I'm attempting to select a node using an XPath query and I don't understand why XML::LibXML doesn't find the node when it has an xmlns atribute. Here's a script to demonstrate the issue:
#!/usr/bin/perl
use XML::LibXML; # 1.70 on libxml2 from libxml2-dev 2.6.16-7sarge1 (don't ask)
use XML::XPath; # 1.13
use strict;
use warnings;
use v5.8.4; # don't ask
my ($xpath, $libxml, $use_namespace) = @ARGV;
my $xml = sprintf(<<'END_XML', ($use_namespace ? 'xmlns="http://www.w3.org/2000/xmlns/"' : q{}));
<?xml version="1.0" encoding="iso-8859-1"?>
<RootElement>
<MyContainer %s>
<MyField>
<Name>ID</Name>
<Value>12345</Value>
</MyField>
<MyField>
<Name>Name</Name>
<Value>Ben</Value>
</MyField>
</MyContainer>
</RootElement>
END_XML
my $xml_parser
= $libxml ? XML::LibXML->load_xml(string => $xml, keep_blanks => 1)
: XML::XPath->new(xml => $xml);
my $nodecount = 0;
foreach my $node ($xml_parser->findnodes($xpath)) {
$nodecount ++;
print "--NODE $nodecount--\n"; #would use say on newer perl
print $node->toString($libxml && 1), "\n";
}
unless ($nodecount) {
print "NO NODES FOUND\n";
}
This script allows you to chose between the XML::LibXML parser and the XML::XPath parser. It also allows you to define an xmlns attribute on the MyContainer element or leave it off depending on the arguments passed.

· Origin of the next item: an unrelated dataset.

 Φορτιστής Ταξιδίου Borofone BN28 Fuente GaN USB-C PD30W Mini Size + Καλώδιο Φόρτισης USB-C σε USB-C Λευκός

The xpath expression I'm using is "RootElement/MyContainer". When I run the query using the XML::LibXML parser without the namespace it finds the node with no problem:
benb@enkidu:~$ ROC/ECG/libxml_xpath.pl 'RootElement/MyContainer' libxml
--NODE 1--
<MyContainer>
<MyField>
<Name>ID</Name>
<Value>12345</Value>
</MyField>
<MyField>
<Name>Name</Name>
<Value>Ben</Value>
</MyField>
</MyContainer>
However, when I run it with the namespace in place it finds no nodes:
benb@enkidu:~$ ROC/ECG/libxml_xpath.pl 'RootElement/MyContainer' libxml use_namespace
NO NODES FOUND
Contrast this with the output when using the XMLL::XPath parser:
benb@enkidu:~$ ROC/ECG/libxml_xpath.pl 'RootElement/MyContainer' 0 # no namespace
--NODE 1--
<MyContainer>
<MyField>
<Name>ID</Name>
<Value>12345</Value>
</MyField>
<MyField>
<Name>Name</Name>
<Value>Ben</Value>
</MyField>
</MyContainer>
benb@enkidu:~$ ROC/ECG/libxml_xpath.pl 'RootElement/MyContainer' 0 1 # with namespace
--NODE 1--
<MyContainer xmlns="http://www.w3.org/2000/xmlns/">
<MyField>
<Name>ID</Name>
<Value>12345</Value>
</MyField>
<MyField>
<Name>Name</Name>
<Value>Ben</Value>
</MyField>
</MyContainer>
Which of these parser implementations is doing it "right"? Why does XML::LibXML treat it differently when I use a namespace? What can I do to retrieve the node when the namespace is in place?